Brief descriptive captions
------------------------

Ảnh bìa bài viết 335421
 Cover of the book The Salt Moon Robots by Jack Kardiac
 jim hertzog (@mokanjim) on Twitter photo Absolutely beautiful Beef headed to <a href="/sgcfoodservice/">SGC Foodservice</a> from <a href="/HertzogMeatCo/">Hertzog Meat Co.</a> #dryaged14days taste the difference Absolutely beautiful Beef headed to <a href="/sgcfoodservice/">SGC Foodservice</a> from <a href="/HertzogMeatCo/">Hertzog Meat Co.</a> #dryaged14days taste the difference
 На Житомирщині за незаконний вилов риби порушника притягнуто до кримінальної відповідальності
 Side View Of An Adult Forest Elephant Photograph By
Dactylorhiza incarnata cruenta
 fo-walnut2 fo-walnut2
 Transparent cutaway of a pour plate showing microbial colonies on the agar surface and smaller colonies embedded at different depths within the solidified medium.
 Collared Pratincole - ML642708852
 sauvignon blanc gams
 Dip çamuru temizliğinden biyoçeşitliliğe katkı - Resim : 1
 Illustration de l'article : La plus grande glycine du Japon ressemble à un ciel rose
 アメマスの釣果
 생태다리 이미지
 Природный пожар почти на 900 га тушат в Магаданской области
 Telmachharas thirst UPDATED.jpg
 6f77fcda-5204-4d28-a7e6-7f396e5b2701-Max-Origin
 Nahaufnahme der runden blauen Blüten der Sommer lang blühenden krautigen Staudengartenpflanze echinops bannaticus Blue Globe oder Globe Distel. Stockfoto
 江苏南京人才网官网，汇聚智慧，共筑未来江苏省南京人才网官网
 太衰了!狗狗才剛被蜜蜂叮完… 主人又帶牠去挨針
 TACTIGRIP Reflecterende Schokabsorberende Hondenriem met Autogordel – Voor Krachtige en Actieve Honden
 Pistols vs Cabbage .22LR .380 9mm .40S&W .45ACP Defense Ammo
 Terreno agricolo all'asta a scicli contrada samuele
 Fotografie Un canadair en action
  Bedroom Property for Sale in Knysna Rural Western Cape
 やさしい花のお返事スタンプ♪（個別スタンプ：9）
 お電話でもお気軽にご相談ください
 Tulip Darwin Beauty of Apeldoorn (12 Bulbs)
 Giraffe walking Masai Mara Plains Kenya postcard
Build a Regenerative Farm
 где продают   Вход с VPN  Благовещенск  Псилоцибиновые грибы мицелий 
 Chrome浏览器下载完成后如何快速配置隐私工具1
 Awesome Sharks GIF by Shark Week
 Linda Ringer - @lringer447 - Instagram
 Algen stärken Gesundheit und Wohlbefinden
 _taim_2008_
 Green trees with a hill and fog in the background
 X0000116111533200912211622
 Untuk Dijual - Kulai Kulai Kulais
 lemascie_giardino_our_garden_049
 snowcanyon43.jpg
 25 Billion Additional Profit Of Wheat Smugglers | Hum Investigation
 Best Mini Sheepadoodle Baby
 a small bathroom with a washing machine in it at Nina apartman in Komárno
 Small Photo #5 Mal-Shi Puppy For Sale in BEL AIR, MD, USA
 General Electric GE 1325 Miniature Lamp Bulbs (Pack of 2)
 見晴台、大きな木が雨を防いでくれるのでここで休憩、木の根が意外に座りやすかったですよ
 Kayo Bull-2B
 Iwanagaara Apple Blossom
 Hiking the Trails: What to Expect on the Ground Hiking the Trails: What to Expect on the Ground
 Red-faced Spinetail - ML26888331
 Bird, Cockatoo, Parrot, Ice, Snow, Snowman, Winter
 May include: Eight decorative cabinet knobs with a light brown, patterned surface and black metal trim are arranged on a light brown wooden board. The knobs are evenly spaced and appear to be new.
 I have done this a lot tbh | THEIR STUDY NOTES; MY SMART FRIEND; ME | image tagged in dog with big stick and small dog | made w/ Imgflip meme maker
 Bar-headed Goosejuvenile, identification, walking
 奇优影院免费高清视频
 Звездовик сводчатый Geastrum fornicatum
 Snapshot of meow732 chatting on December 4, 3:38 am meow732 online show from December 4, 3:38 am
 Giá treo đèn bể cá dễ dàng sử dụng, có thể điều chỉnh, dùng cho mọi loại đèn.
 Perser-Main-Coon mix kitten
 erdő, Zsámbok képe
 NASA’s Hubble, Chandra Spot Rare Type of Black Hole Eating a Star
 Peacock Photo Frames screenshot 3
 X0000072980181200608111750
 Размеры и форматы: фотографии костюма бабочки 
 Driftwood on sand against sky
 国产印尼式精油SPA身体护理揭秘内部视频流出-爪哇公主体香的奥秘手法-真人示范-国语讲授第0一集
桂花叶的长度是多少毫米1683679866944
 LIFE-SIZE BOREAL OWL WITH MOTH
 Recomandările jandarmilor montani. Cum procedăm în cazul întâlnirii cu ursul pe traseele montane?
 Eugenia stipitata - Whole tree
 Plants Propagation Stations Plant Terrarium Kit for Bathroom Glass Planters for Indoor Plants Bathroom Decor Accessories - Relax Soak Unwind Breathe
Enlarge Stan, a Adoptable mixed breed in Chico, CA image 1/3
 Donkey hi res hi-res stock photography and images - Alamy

------------------------

[Exercise] Could you retype exactly the lines above, starting at the line that contains "Peacock Photo Frames screenshot 3" and ending at the line that contains "LIFE-SIZE BOREAL OWL WITH MOTH", and nothing more?

[Response to this exercise]
 Peacock Photo Frames screenshot 3
 X0000072980181200608111750
 Размеры и форматы: фотографии костюма бабочки 
 Driftwood on sand against sky
 国产印尼式精油SPA身体护理揭秘内部视频流出-爪哇公主体香的奥秘手法-真人示范-国语讲授第0一集
桂花叶的长度是多少毫米1683679866944
 LIFE-SIZE BOREAL OWL WITH MOTH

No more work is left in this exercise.